Richard Lärkäng (Institutionen för matematiska vetenskaper, matematik)
Göteborg2010. - 60 s.

This thesis concerns residue currents on analytic spaces.

In the first paper, we construct Coleff-Herrera products and Bochner-Martinelli type currents associated with a weakly holomorphic mapping, and show that these currents satisfy well-known properties from the strongly holomorphic case. This includes the transformation law, the Poincaré-Lelong formula and the equivalence of the Coleff-Herrera product and the Bochner-Martinelli current associated with a complete intersection of weakly holomorphic functions.

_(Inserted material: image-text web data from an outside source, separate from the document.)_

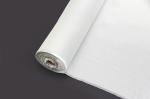 1522 4oz E Fiberglass Cloth Plain 27" Glass Fiber Cloth For Wood Strip Kayaks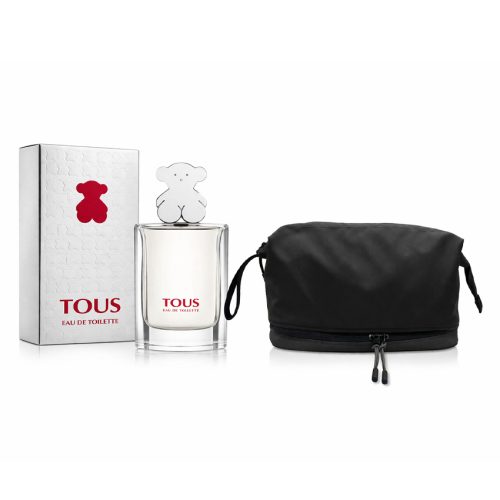 2600830 SET NECESER & FRAGANCIA MAMÁ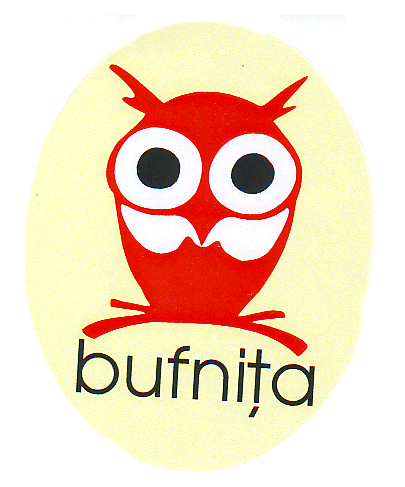 BUFNITA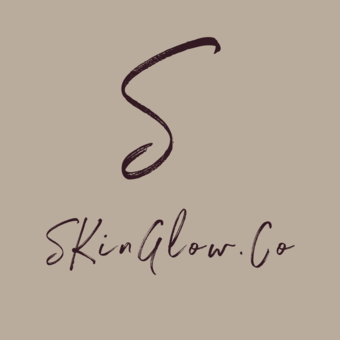 的化身 SKinGlow.Co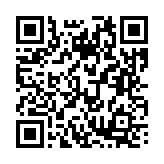 군정소식 페이지 바로가기 주소(https://business.jangseong.go.kr/q/ezMxMDR8MTM2Njd8c2hvd3x9&e=M&s=3), QRCODE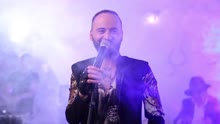  - Matteo - Panama 官方Live版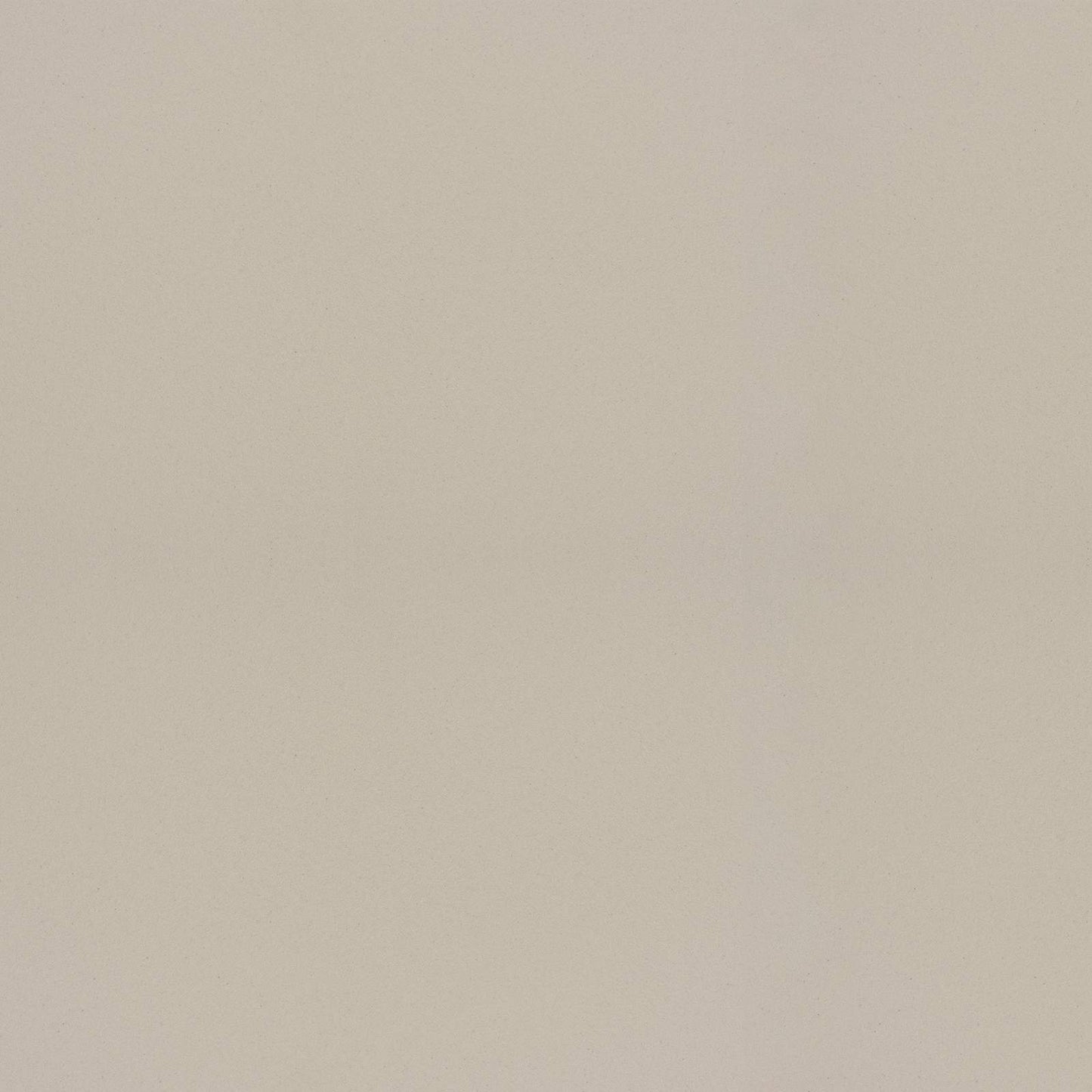 Vask Beige 470 x 440 mm Granit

In the second paper, we discuss the duality theorem on singular varieties. In the case of a complex manifold, the duality theorem, proven by Dickenstein-Sessa and Passare, says that the annihilator of the Coleff-Herrera product associated with a complete intersection $f$ equals the ideal generated by $f$. We give sufficient and in many cases necessary conditions in terms of certain singularity subvarieties of the sheaf $\mathcal{O}_Z$ for when the duality theorem holds on a singular variety $Z$.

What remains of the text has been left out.